= ACTION ITEM =
Below are the records; locate each line with the word "Clear" and copy it.

******************************

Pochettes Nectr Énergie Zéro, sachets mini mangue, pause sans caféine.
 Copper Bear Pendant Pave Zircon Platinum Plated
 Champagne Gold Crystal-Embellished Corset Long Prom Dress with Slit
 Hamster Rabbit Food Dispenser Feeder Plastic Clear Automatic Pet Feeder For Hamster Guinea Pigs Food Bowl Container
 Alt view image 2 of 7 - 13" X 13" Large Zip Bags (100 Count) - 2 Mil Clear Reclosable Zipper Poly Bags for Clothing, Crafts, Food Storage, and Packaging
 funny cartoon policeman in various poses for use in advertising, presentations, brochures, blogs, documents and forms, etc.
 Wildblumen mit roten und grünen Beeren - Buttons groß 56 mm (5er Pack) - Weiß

******************************

= RESPONSE BELOW =
 Hamster Rabbit Food Dispenser Feeder Plastic Clear Automatic Pet Feeder For Hamster Guinea Pigs Food Bowl Container
 Alt view image 2 of 7 - 13" X 13" Large Zip Bags (100 Count) - 2 Mil Clear Reclosable Zipper Poly Bags for Clothing, Crafts, Food Storage, and Packaging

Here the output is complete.